The percentage of p75+ septal cells varies with age, but is 5–7% at E17 or E18. We typically sort p75+ cells from 50 to 60 septa in 1 d, yielding an average of 9,273 (plusminus 806 s.e.m.) p75+ cells per E17 or E18 septum. This yield is in agreement with previous evaluations of the number of p75-expressing cells in the postnatal mouse septum16. We have found the late embryonic stages to be the most robust for the isolation of cholinergic neurons from the forebrain. For example, at E17 or E18, we typically observe greater than two-thirds (70.2% plusminus 0.7%) of the cells within the viable cell gate (Fig. 3,R1). However, at P0, this population is diminished to approximately 30% (data not shown). As we also exclude cell aggregates that fall outside the R2 gate (R2 = 94.6% plusminus 1.3%) and PI-positive cells that fall outside the R3 gate (R3 = 91.2% plusminus 1.6%), the yield of p75+ cells collected from the total events measured by the cell sorter is typically 3–4%.

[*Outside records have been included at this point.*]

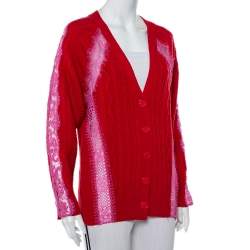 Pre Owned Stella McCartney Red Wool & Lace Paneled Button Front Cardigan S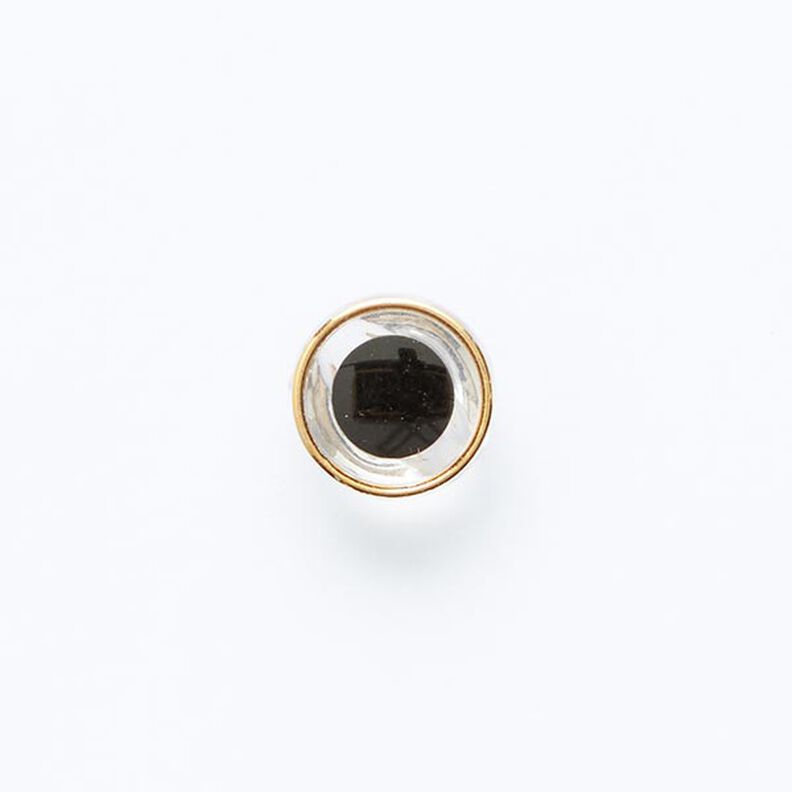 Knoflík s očkem, s okrajem ve zlaté barvě [ Ø 11 mm ] – černá/zlatá,  image number 1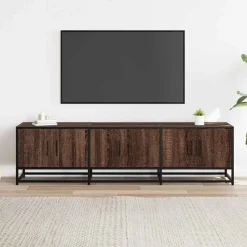 vidaXL Muebles Tv-Mueble TV metal y madera ingeniería marrón roble 150x35x41 cm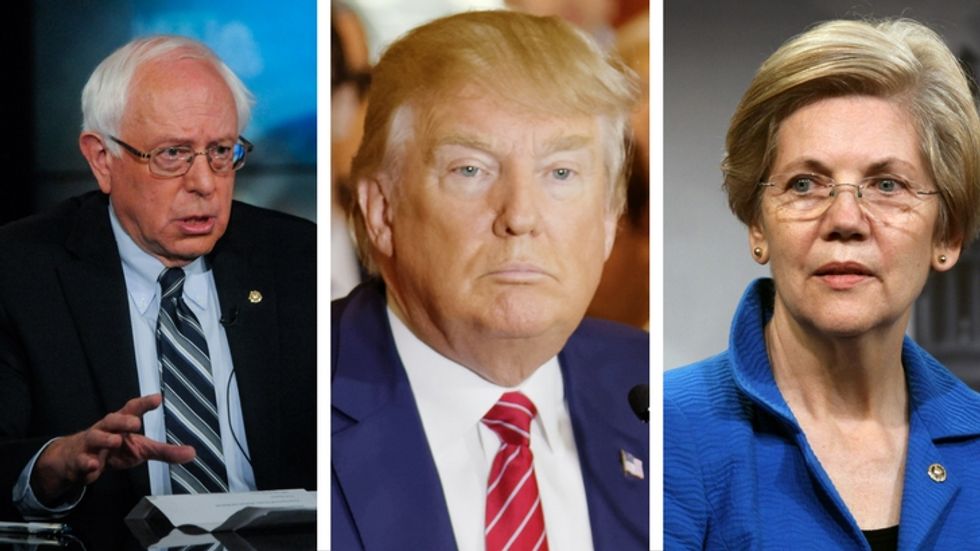 Warren, Sanders Blast Trump Over Lobbyists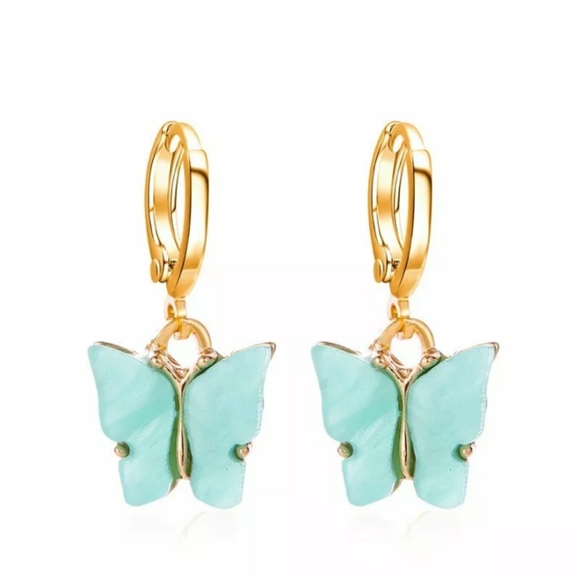 BUTTERFLY New Dainty Drop Pendant Huggie Style Pirced Ear Earrings - Picture 7 of 13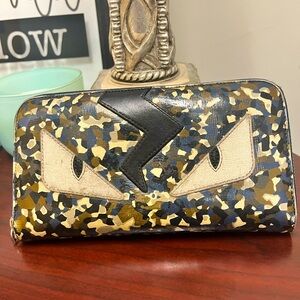 Pre-Loved FENDI Camouflage Long Zippy Wallet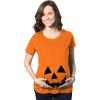 Maternity Happy Jack O Lantern Pregnancy T Shirt Cute Halloween Pumpkin Bump Tee(Orange)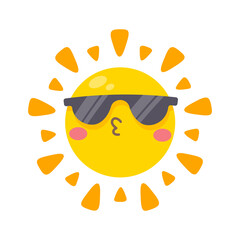 smiling sun cartoon wearing sunglasses summer travel concept protection from sun rays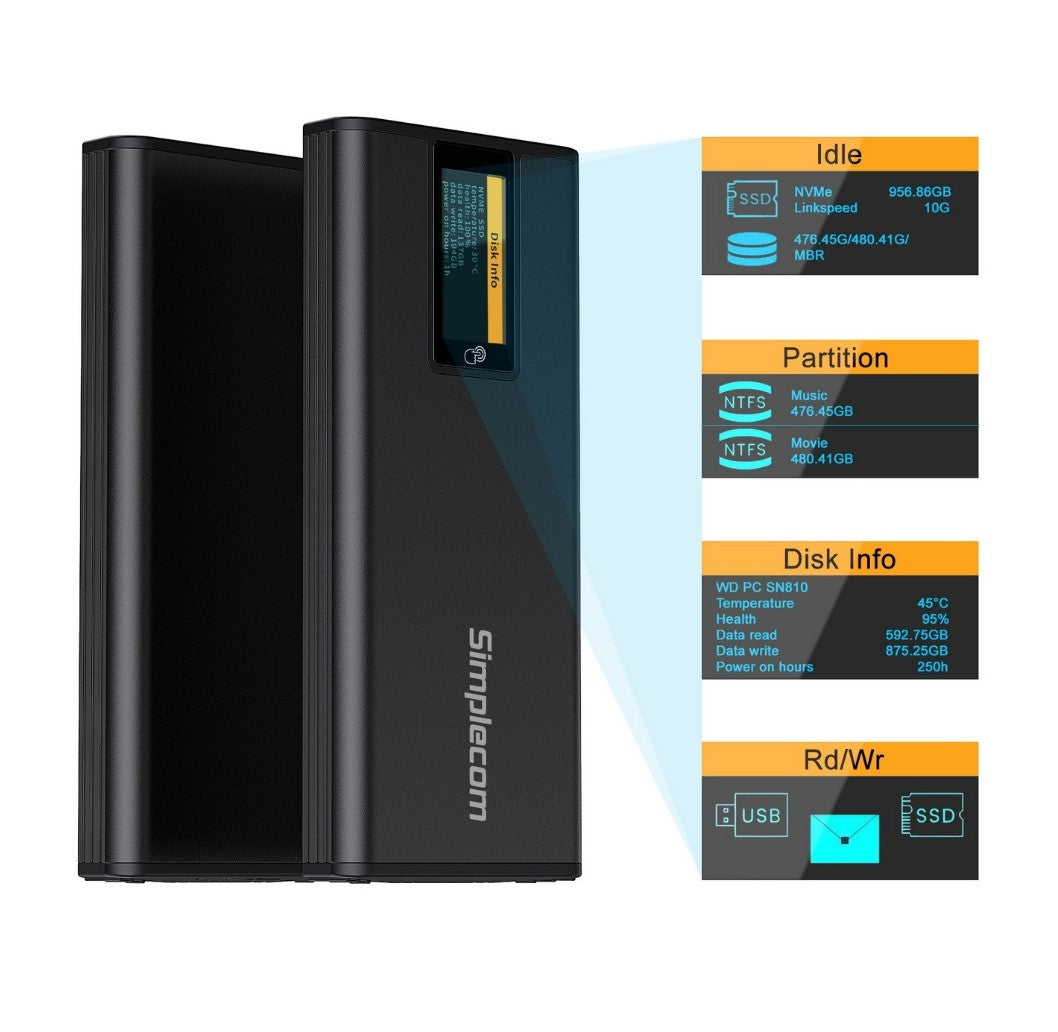 Simplecom SE530 NVMe SATA M.2 SSD to USB-C Enclosure with SMART LED Screen USB 3.2 Gen2 10Gbps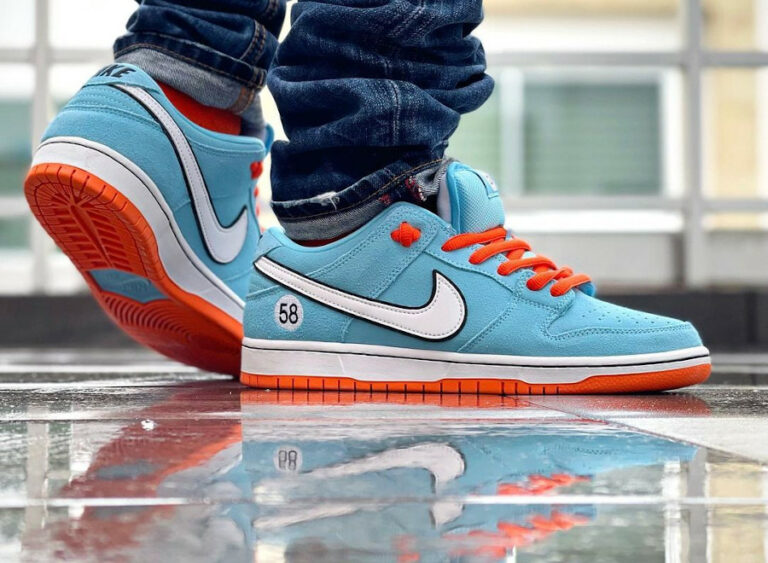 nike dunk high blue chill on feet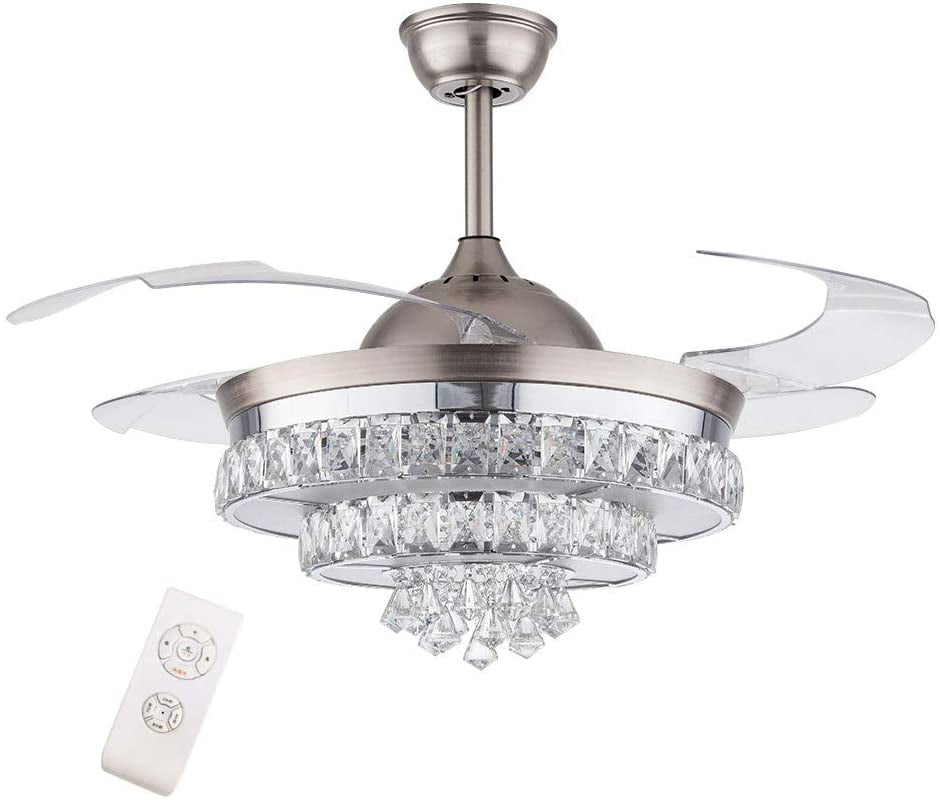 42" LED Crystal Ceiling Fan Light Retractable Blades 3-Color Change Chandelier 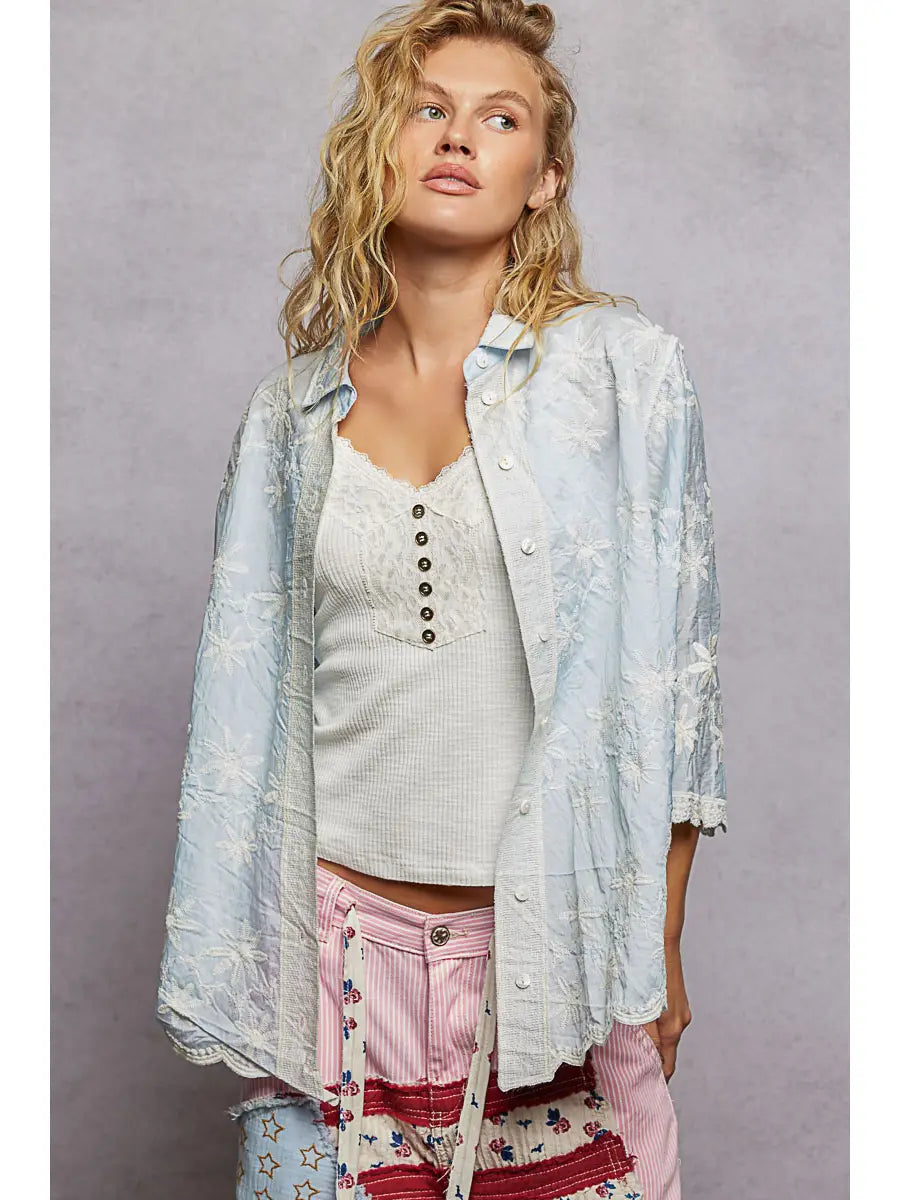 Embroidered Floral Half Sleeve Shirt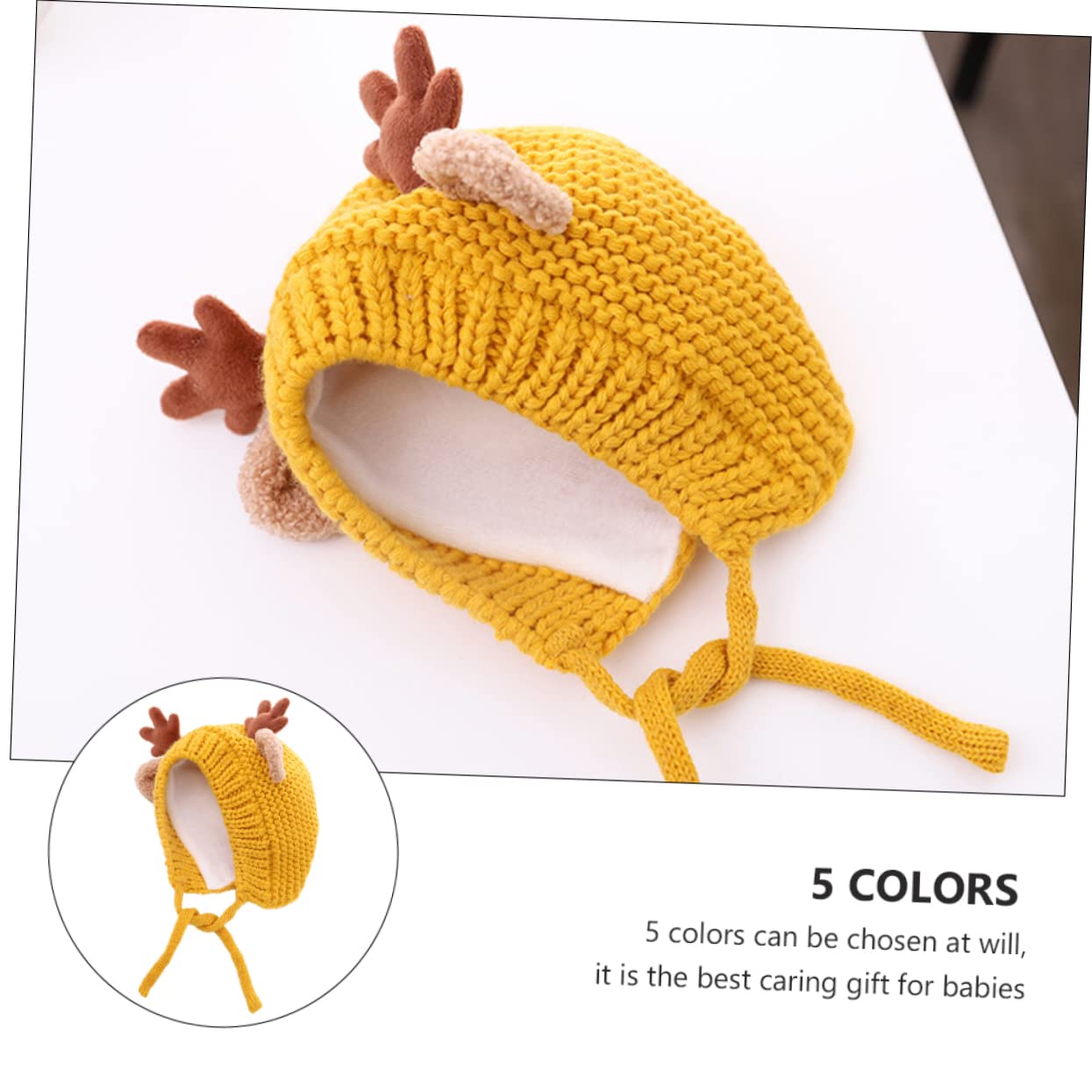 Amosfun 3 STK Weihnachtsgeweihmütze Strickmütze Für Kleinkinder Baby Weihnachten Strickmütze Baby Fleece Gefütterte Kappe Sch?ne Babymütze Hut Niedlich Männer Und Frauen Weihnachtshirsch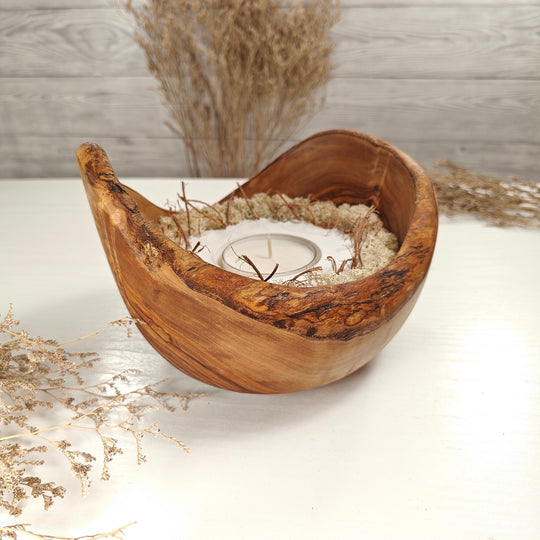 Teelicht-Kerze in Olivenholzschale, TRC-XL-00060, D 18cm, 60mm Teelicht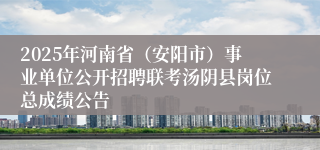2025年河南省（安阳市）事业单位公开招聘联考汤阴县岗位总成绩公告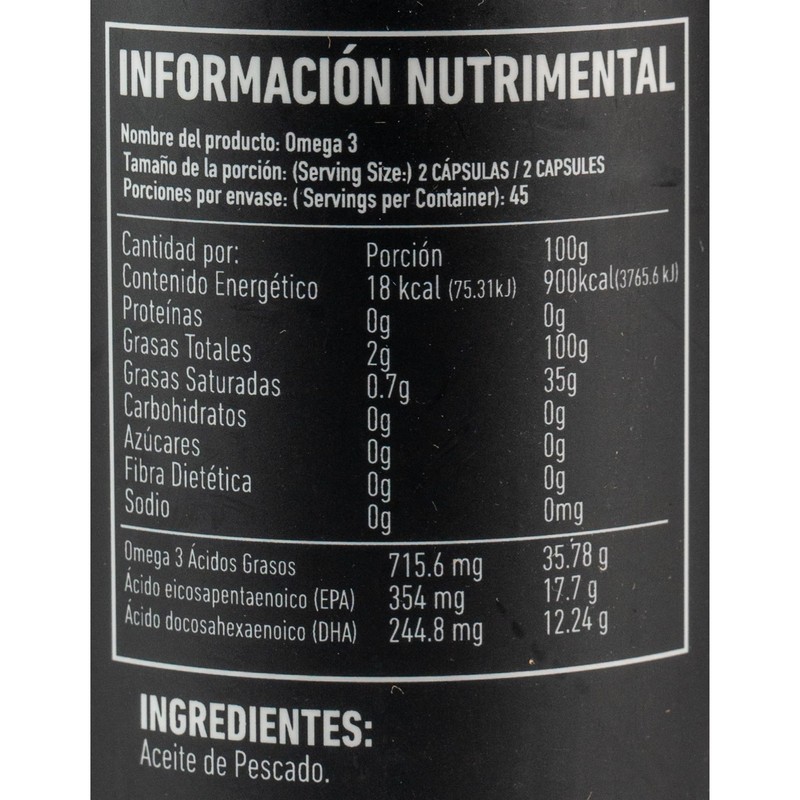 Omega 3 90 cápsulas 100% Natural PROTGT
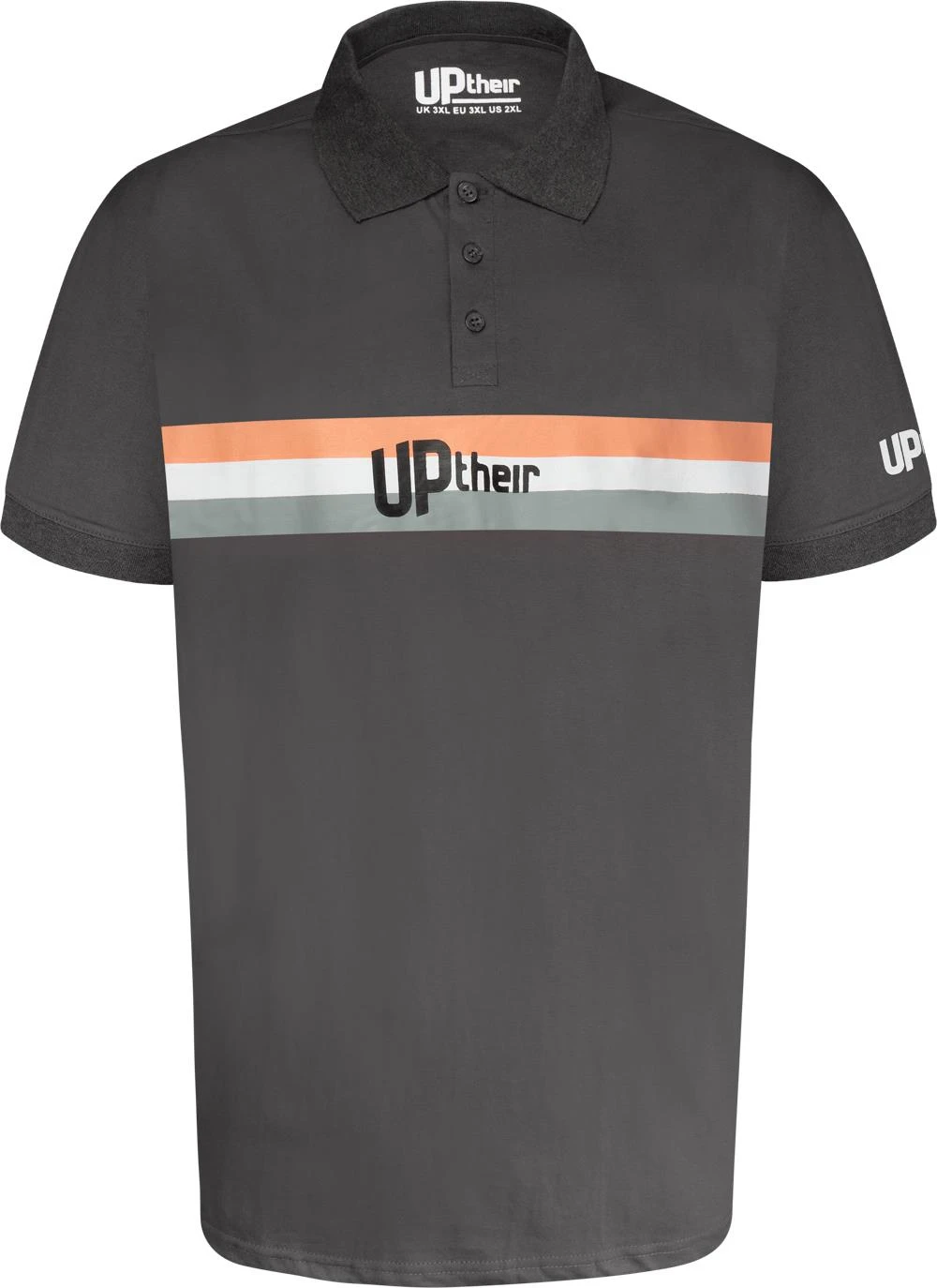 Uptheir Fully Logo Stripe Polo Shirt - Grey 4 Uptheir Fully Logo Stripe Polo Shirt - Grey - Image 2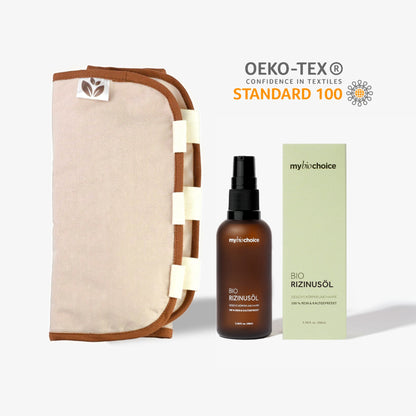 Zestaw do okładów z olejem rycynowym mybiochoice – opaska bawełniana z OEKO-TEX® i brązowa butelka oleju rycynowego 100 ml.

Freshly isolated p75+ septal cells collected from region R7 (Fig. 4a) are highly enriched in the expression of p75 and the cholinergic markers choline acetyltransferase (ChAT) and choline transporter 1 (ChT1, SLC5A7) (Fig. 4b). The cellular fractions collected through R4–R6 are depleted in the expression of these markers, in conjunction with p75 expression. We estimate that 50–80% of the p75-expressing cells collected from the cell sorter are viable 24 h after plating and throughout the subsequent culture period. After 3 d of culture in NB/B-27, the p75+ cells express high levels of p75 protein and are highly neuronal as determined by morphology and beta-III-tubulin staining (Fig. 5). Conversely, the p75- cells have low and sparse p75 protein expression, but are also highly neuronal.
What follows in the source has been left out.